[Directions for this task]: Using the data below, report how many lines hold the word "Cadillac". Include nothing else in the reply.

[Input for this task]:
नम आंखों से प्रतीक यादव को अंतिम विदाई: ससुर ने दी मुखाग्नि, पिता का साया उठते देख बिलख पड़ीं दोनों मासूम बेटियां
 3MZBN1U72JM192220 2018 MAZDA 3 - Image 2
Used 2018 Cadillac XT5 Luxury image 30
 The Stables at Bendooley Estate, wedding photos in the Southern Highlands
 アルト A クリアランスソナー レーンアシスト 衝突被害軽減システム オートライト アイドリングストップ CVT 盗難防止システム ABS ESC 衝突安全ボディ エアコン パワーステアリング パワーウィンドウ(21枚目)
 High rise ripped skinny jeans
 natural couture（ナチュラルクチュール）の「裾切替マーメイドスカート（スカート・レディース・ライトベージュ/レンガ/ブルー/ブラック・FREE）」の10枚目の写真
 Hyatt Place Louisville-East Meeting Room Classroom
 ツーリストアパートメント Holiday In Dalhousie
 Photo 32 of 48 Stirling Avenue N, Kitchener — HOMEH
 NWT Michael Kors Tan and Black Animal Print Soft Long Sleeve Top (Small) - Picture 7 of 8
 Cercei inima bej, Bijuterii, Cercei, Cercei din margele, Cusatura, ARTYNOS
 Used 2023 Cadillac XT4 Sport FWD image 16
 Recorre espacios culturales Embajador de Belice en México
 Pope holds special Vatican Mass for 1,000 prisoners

[Answer to this exercise]: 2